--- START ---

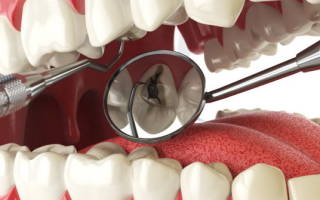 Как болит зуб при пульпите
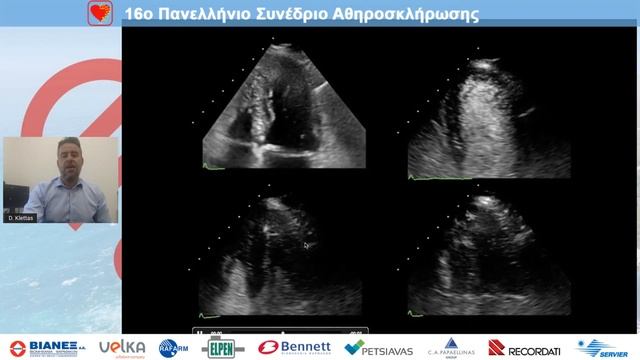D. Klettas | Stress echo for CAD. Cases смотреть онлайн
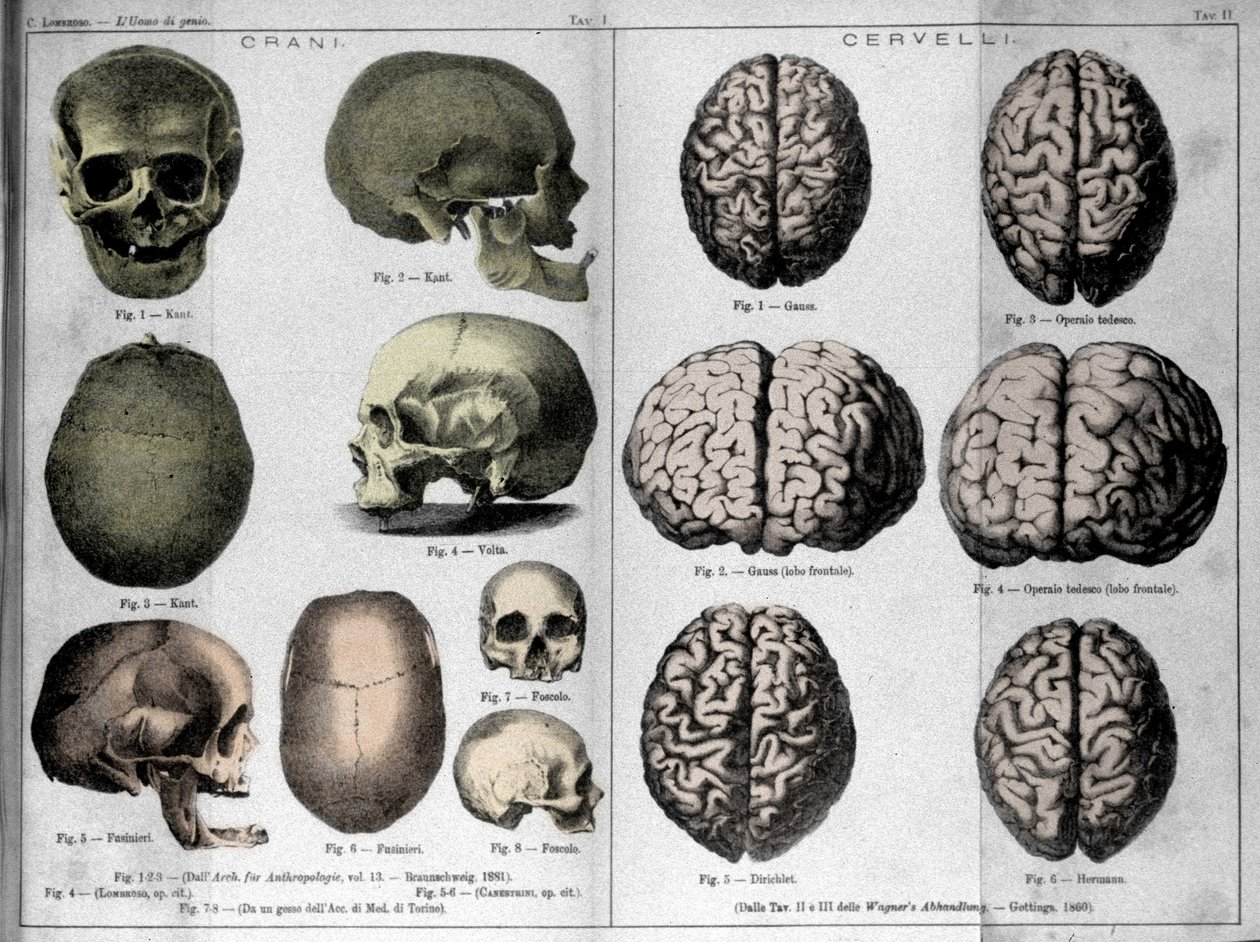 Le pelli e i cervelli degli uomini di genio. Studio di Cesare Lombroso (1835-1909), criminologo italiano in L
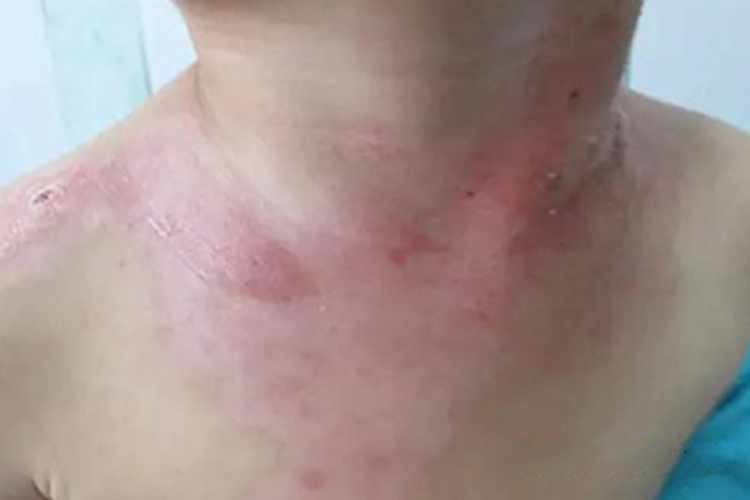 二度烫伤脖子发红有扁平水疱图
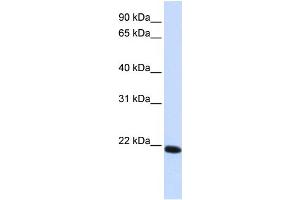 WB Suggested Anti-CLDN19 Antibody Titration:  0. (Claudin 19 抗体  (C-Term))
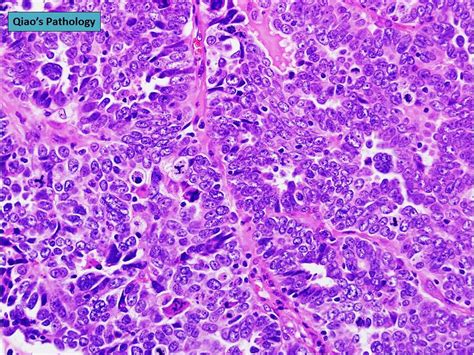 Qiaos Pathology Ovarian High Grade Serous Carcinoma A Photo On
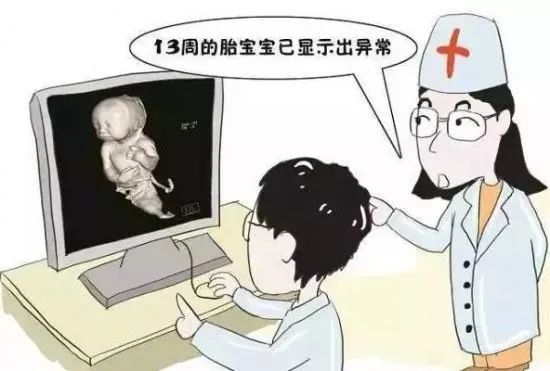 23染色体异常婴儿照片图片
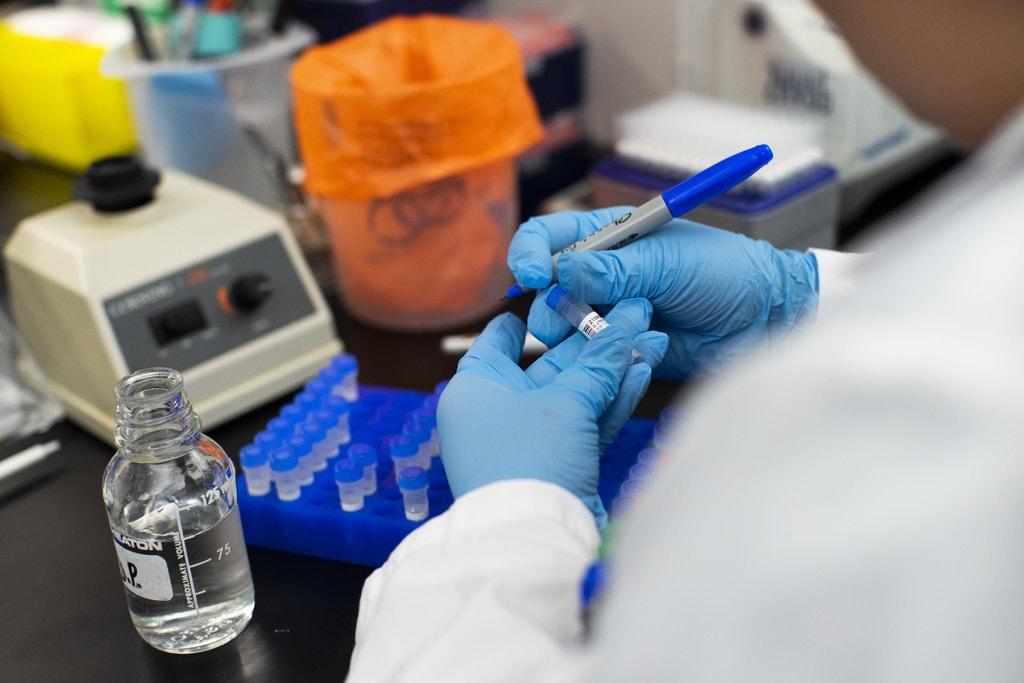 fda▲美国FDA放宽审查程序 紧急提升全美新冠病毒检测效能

--- END ---
--- START ---

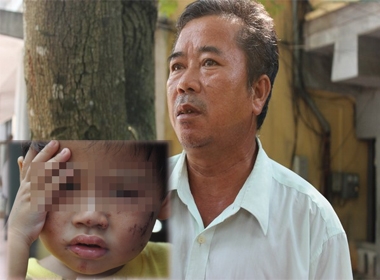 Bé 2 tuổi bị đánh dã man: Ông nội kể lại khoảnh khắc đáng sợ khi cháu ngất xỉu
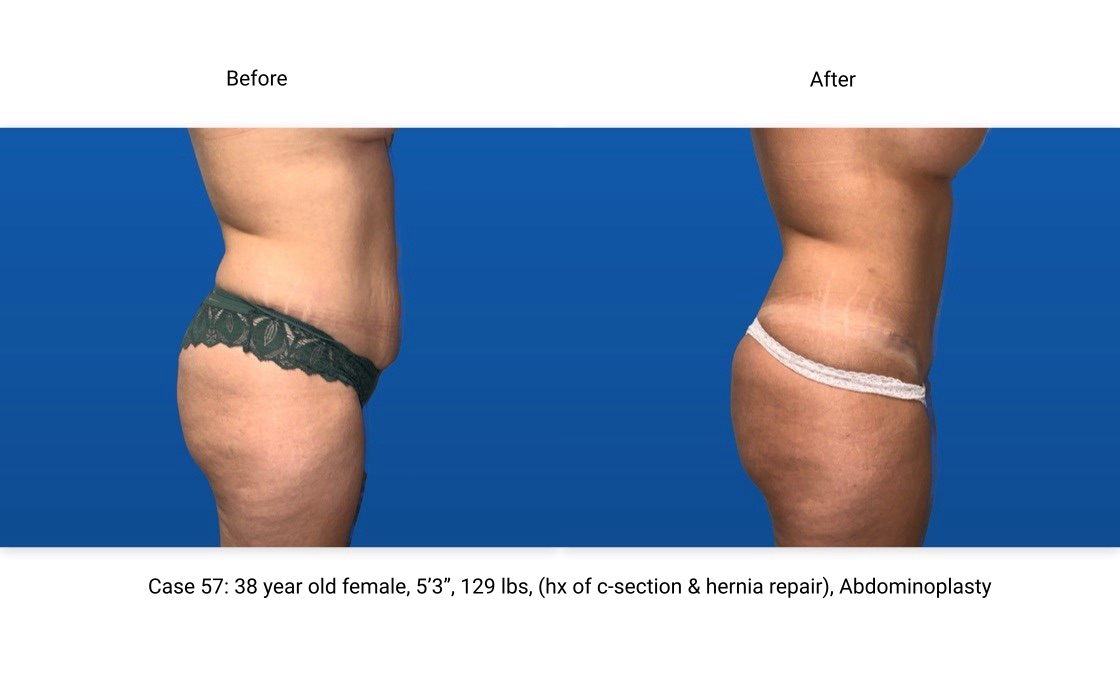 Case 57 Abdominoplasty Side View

--- END ---

Beginning with the line above that has "Как болит зуб при пульпите" and going on through the line that has "fda▲美国FDA放宽审查程序 紧急提升全美新冠病毒检测效能", retype every line exactly and add nothing else; drop the pictures.

 Как болит зуб при пульпите
D. Klettas | Stress echo for CAD. Cases смотреть онлайн
 Le pelli e i cervelli degli uomini di genio. Studio di Cesare Lombroso (1835-1909), criminologo italiano in L
 二度烫伤脖子发红有扁平水疱图
 WB Suggested Anti-CLDN19 Antibody Titration:  0. (Claudin 19 抗体  (C-Term))
 Qiaos Pathology Ovarian High Grade Serous Carcinoma A Photo On
 23染色体异常婴儿照片图片
 fda▲美国FDA放宽审查程序 紧急提升全美新冠病毒检测效能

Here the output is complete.